No se trata, solamente, de la autarquía como virtud moral aunque también (un jefe que tiene problemas de adicciones o una vida desordenada jamás podrá infundir respeto en su equipo). Se trata también del ejercicio de esta virtud en el orden cotidiano. El líder que no logra contenerse transmite inevitablemente lo que no ha sabido ordenar dentro suyo. Si está frustrado, contagia frustración. Si está enojado, el enojo se filtra en sus gestos, en el tono, en sus decisiones. Si atraviesa problemas personales los depositará, aunque no quiera, sobre su equipo.

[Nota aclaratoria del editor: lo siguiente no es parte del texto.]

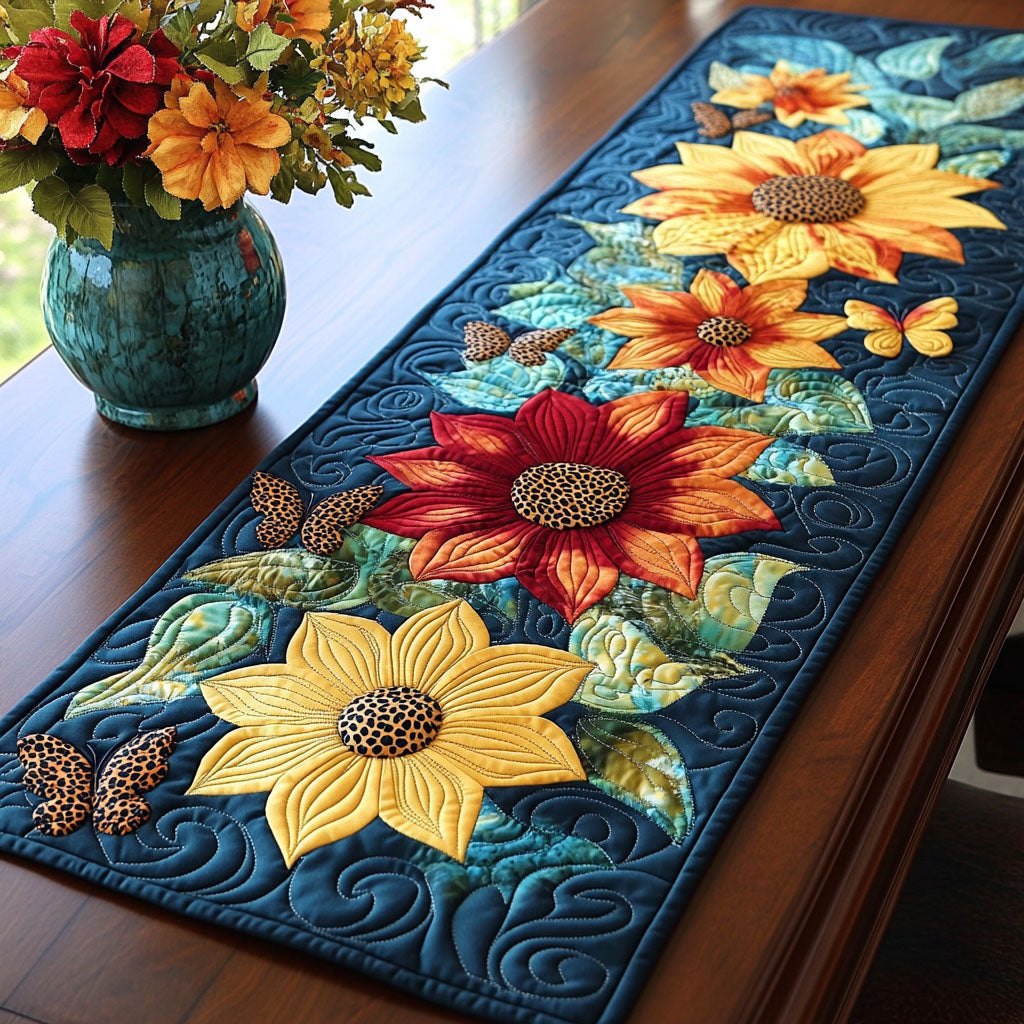 Butterfly Meadow Sunflowers and Red Blooms on Teal Table Runner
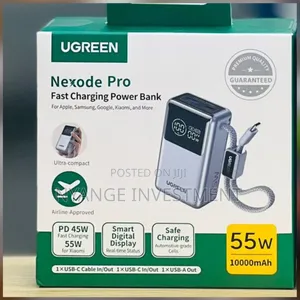 Ugreen Nexode Pro 10,000mah Power Bank 55w . Fast Charge Power Bank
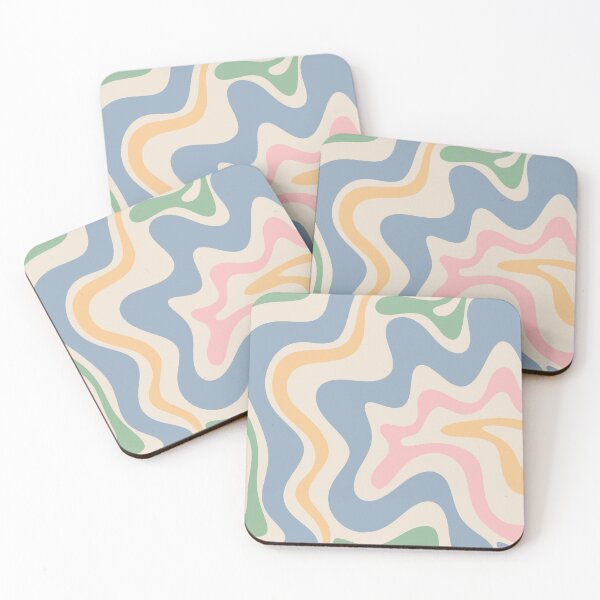 Item preview, Retro Liquid Swirl Abstract Pattern Light Blue Pink Green Yellow Cream  designed and sold by kierkegaard.
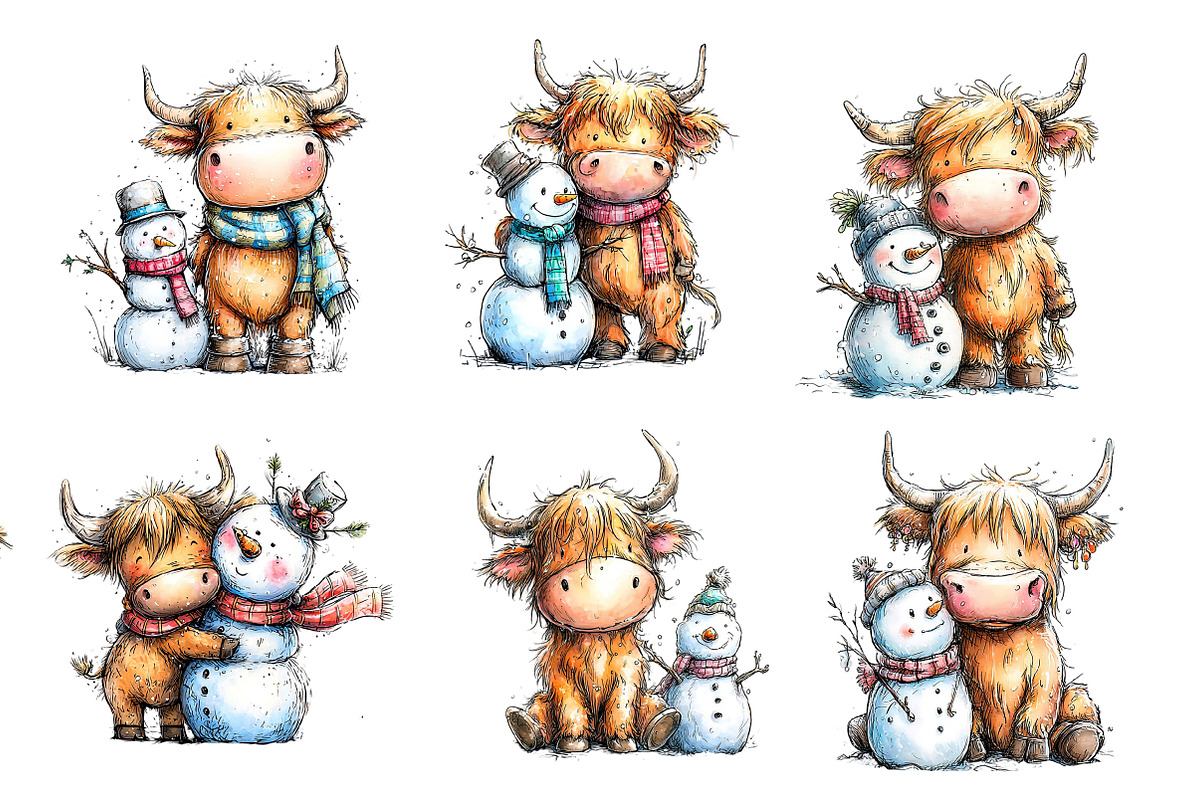 Highland cow and snowman clipart, an Illustration by Designworld (Photo 3 of 3)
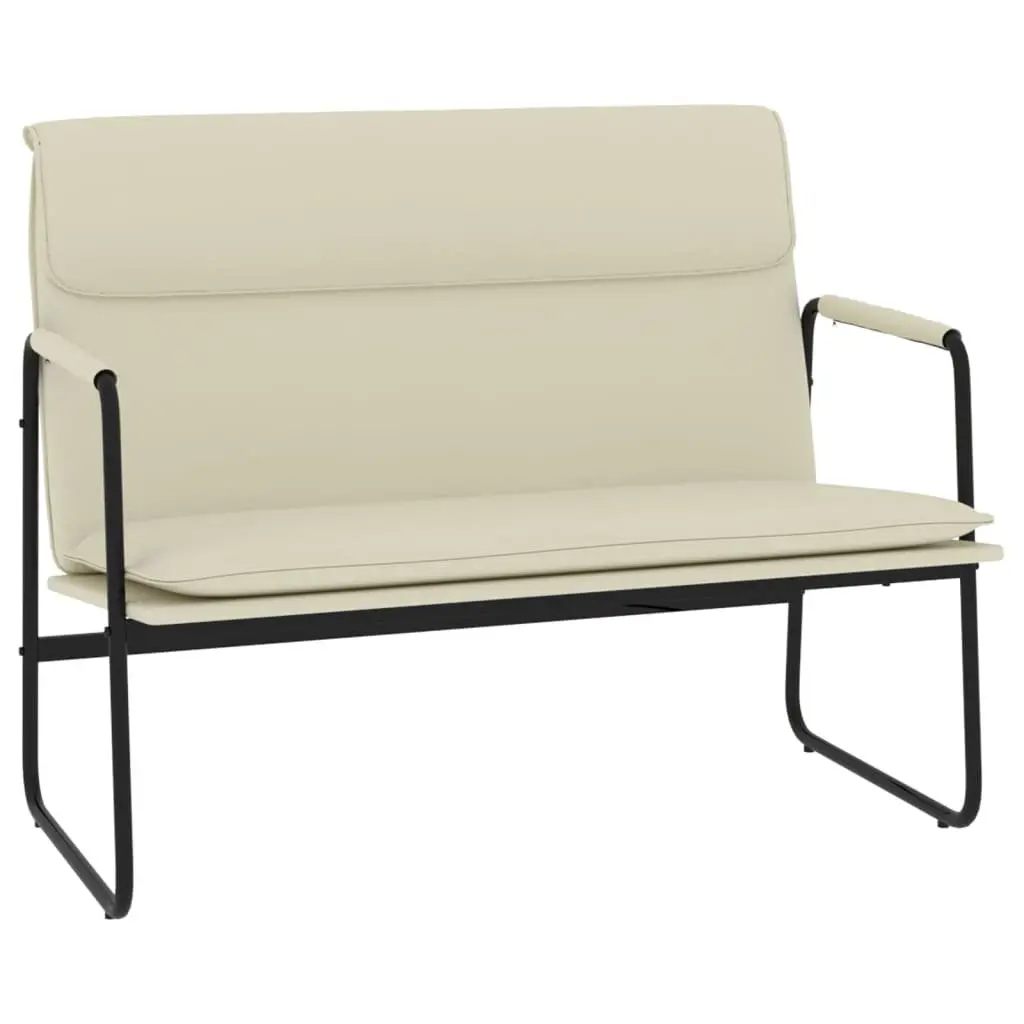 Cream Faux Leather Bench Upholstered Seating Furniture Lounge Chair Relaxation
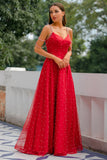 Red Beaded Long Ball Dress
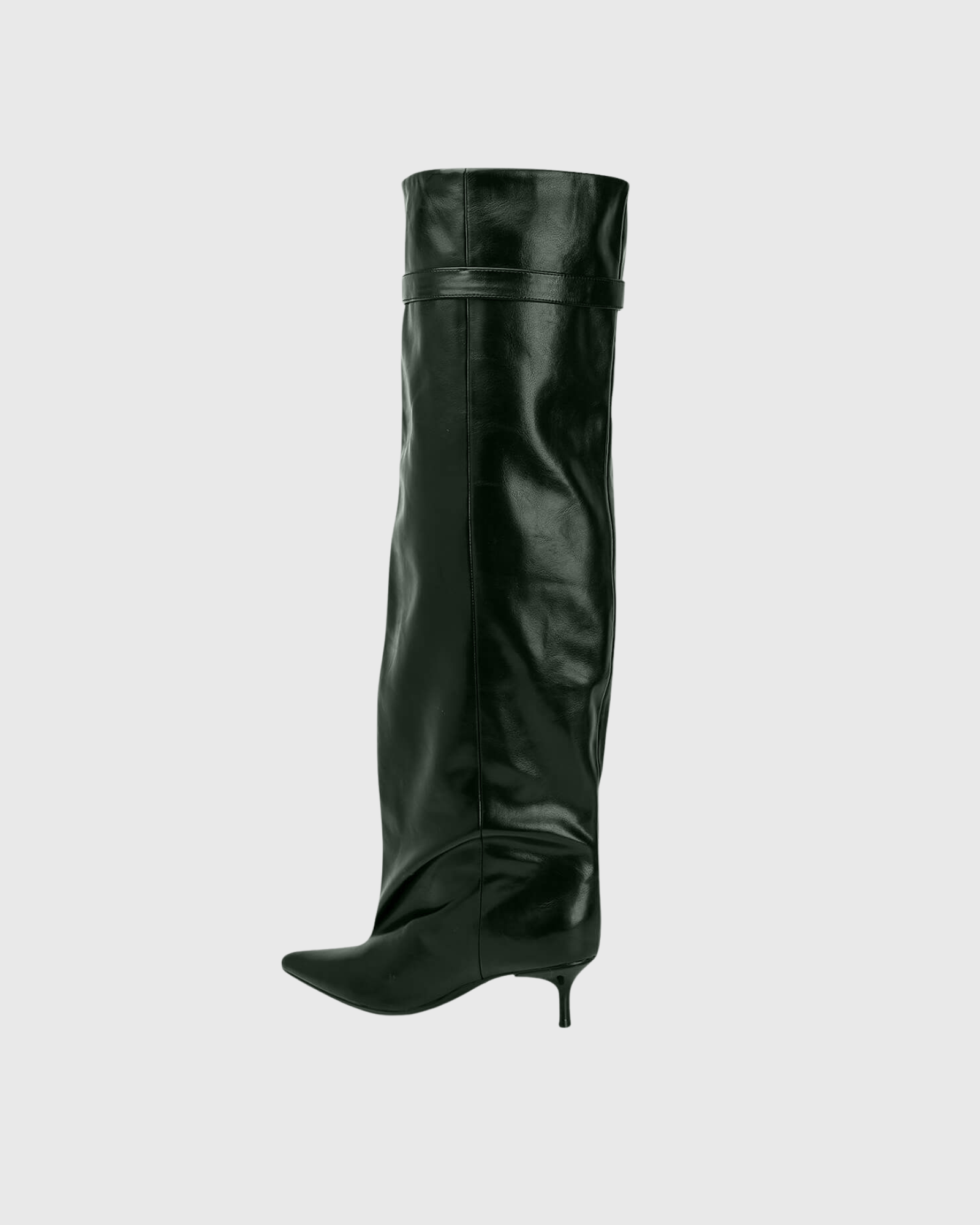 Naenia Leather Buckle Boots In Dark Green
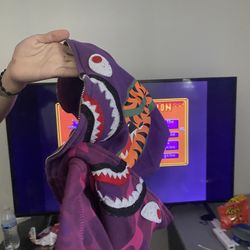 Purple Bape Zip Up Double Hoodie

La falta de autarquía engendra líderes erráticos: días buenos y días malos, climas imprevisibles, reacciones desproporcionadas. Se confunden problemas con soluciones, se dramatizan obstáculos, se vive en una tensión permanente. El equipo nunca sabe “desde dónde” viene el líder, y eso erosiona la confianza más que cualquier error técnico.
La autarquía, en cambio, permite algo esencial: separar lo personal de lo común, lo emocional de lo operativo, el problema del camino para resolverlo. El líder autárquico no niega sus emociones pero sabe gobernarlas. No las reprime, las ordena. Por eso puede sostener una cierta estabilidad interior aún en contextos adversos.
Enrique en sus notas menciona muchas veces la necesidad de mostrarse alegre con los colaboradores. La alegría del líder no es un rasgo del carácter sino que es fruto del gobierno interior. Estar alegre (no de un modo superficial sino desde la serenidad) es una forma de tratar bien a los demás. Es crear un “hábitat”, es crear un clima. No se trata de hacer como que todo está bien o que no existen los problemas sino que esos temas o problemas no van a afectar nuestra manera de ejercer el liderazgo.
Desde esta perspectiva la autarquía cobra una dimensión práctica y cotidiana. Se revela en la capacidad de no descargar tensiones, de no gobernar desde el estado de ánimo, de no usar el poder como válvula de escape. Es, en definitiva, una forma de caridad cotidiana.
Platón también insistía en la idea de que el alma debe estar ordenada para poder
gobernar. Esa imagen del alma ordenada es el modelo de todo liderazgo sano.
Esta idea también se encuentra en la Doctrina Social de la Iglesia al afirmar que
gobernar es, ante todo, una responsabilidad moral. En el Compendio se enseña que
quienes ejercen autoridad deben hacerlo desde una conciencia formada y un dominio
de sí que los hagas capaces de servir al Bien Común.
La autarquía es, en resumen, la libertad interior puesta al servicio de los otros. Es por eso que el verdadero liderazgo no nace de un puesto o una posición sino del fatigoso ejercicio de gobernarse a uno mismo.